20060925

La tarde parece intuir la lluvia, poco a poco se apaga la luz y el resto del ocaso se convierte en frío motivo para relajarse en el café.

Por lo que platicaban en el teléfono, después de tanto tiempo de no verla, me la imaginaba alta y muy arreglada, pero resultó más bien menudita, hasta cierto punto, paradójica y extravagante, y no me queda otro remedio que mirarla como si no la viera mientras se agregó a la mesa. No hago ruido y procuro escuchar mientras se quita el abrigo sin saludar y deja adivinar una sonrisa de alivio cuando lo deja caer en la silla cercana a mí y me pide perdón por la intromisión, uno no espera eso, ¿acaso es un simbolismo de sometimiento después del embate con que se posicionó al llegar?, y me mira fijamente esperando una respuesta. No le digo nada y me quedo en su mirada mientras empiezo a retomar mi espacio sin tener en claro el porqué lo hago, mientras, ella asombrada se hecha para atrás y me pregunta donde quiero pasar la tarde, así, sin preámbulo, casi atropellándome:
-Invítame a cenar algo prometedor, tengo mucha hambre y hace mucho que no platicamos, eso si, podemos dejar el final abierto ¿no crees?
-Es una estupenda verdad llena de sensualidad tu oferta
-Ya sabes, los amantes nuevos son como actores en una mala trama que se sienten mal por si mismos, ¿O es una mala impresión? Las cosas buenas se suceden tan rápidamente que es difícil reprimir el recuerdo cuando caes en cuenta que lo importante fue el camino, no la meta, pero… ¡Yo solo te propuse cenar…!

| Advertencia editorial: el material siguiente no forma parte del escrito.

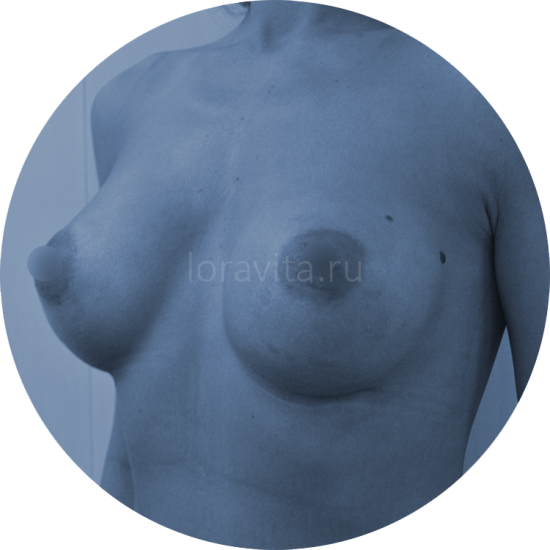 Результат увеличения груди №18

Deseo, lo que más quiero es adivinarte otra vez al final, tan joven que aun apoyaras a la izquierda, fueras intolerante hasta contigo misma y al mismo tiempo no supieras lo que quieres, empezar a narrar lo que ya se como va a terminar en un ímpetu expresivo que no lleva a nada, a nada. Quizás a un amor desmesurado que se aleja de lo real, sin tener mucha capacidad de maniobra adentrándose en ese camino lleno de baches y desvíos que nunca queremos que acabe, porque ya adivinamos el final cuando veo como te vas cubriendo de una forma casi humana, extravagante y con estos malos modales que no recordaba en ti.
Fue como regresar a un camino que ya nadie transita, acabar la tarde en un torrente de palabras sin fin, bueno casi sin fin porque al final pues escuchar tiene sus recompensas.

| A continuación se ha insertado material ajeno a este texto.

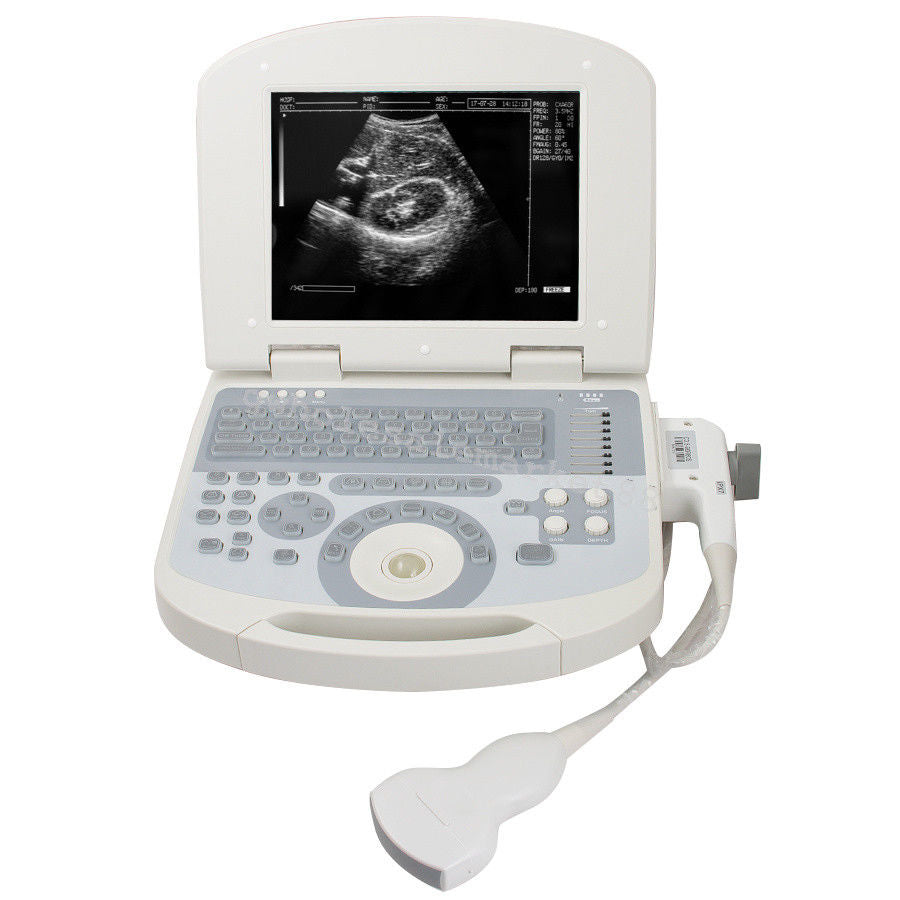 Portable Ultrasound Machine Scanner System Convex probe 3D Software Best Image 190891045898 DIAGNOSTIC ULTRASOUND MACHINES FOR SALE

De una aterradora belleza resultó lo que ocultaba la tarde, cuando terminé desgajando la historia en pedazos mas digeribles por mi estupor, sentí tu mano recorriendo detalles que yo no recordaba tener so pretexto de poder asimilarme mientras me acariciabas ¿Quién puede dudar que el recuerdo es táctil? Que los caminos los llevamos dentro y a veces no nos llevan más que a nosotros mismos y son la prueba definitiva de que nos quisimos, muy a tu manera, pero nos quisimos, hoy, pues… eres otra mujer.